• RECORDS SUPPLIED
++++
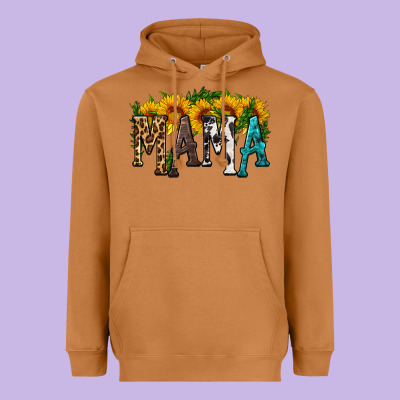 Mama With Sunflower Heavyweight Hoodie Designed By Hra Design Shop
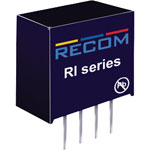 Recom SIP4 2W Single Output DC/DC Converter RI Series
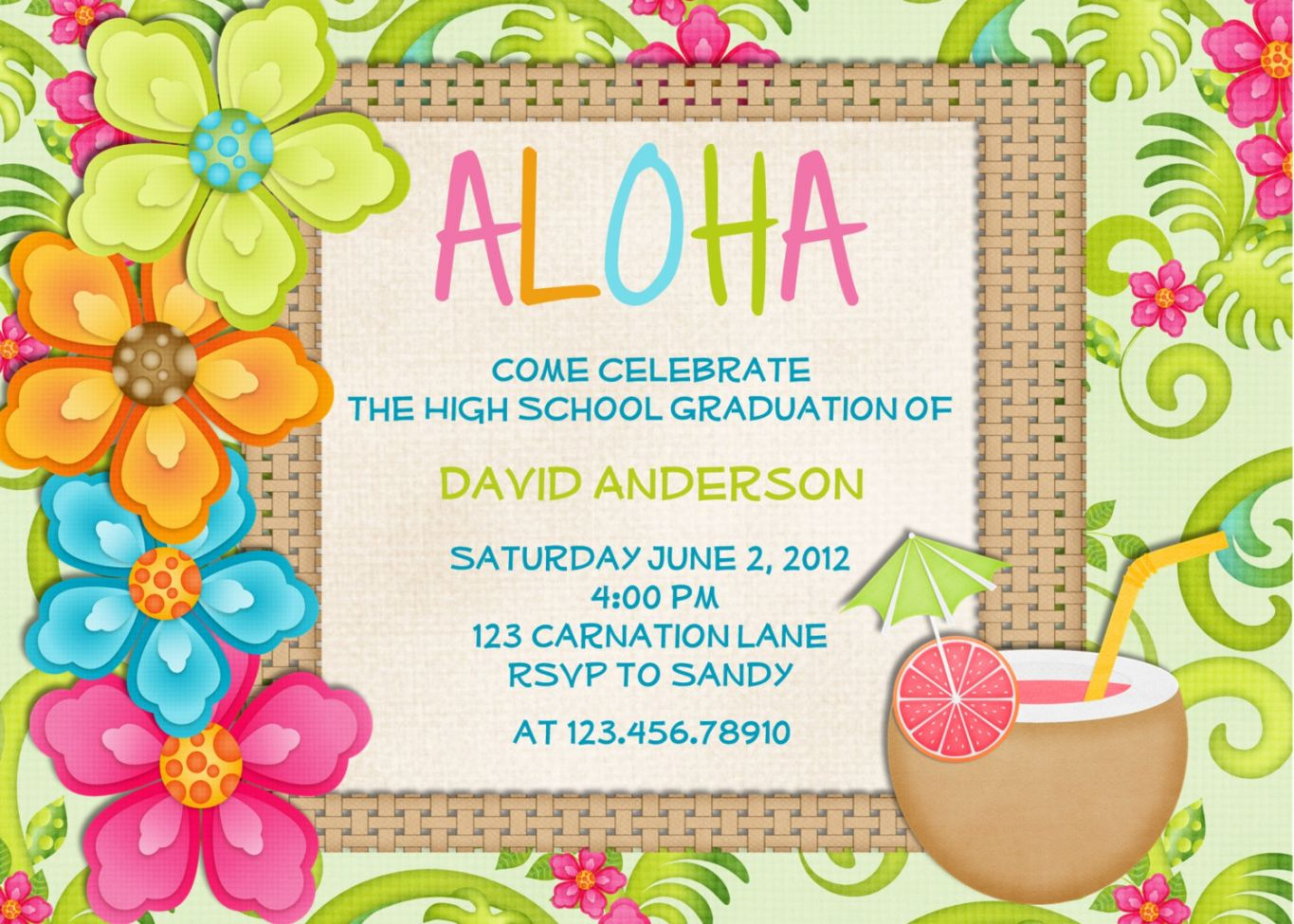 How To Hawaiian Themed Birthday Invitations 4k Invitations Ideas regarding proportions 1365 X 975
++++
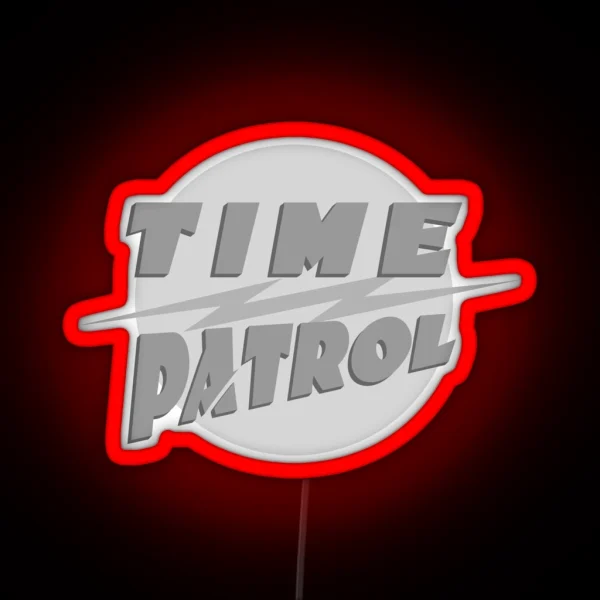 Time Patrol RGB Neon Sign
++++
• EXERCISE PROMPT
Give back exactly the lines above from the one with "Recom SIP4 2W" through the one with "How To Hawaiian", both included. Pictures don't belong in the copy.

• TASK SOLUTION
 Recom SIP4 2W Single Output DC/DC Converter RI Series
 How To Hawaiian Themed Birthday Invitations 4k Invitations Ideas regarding proportions 1365 X 975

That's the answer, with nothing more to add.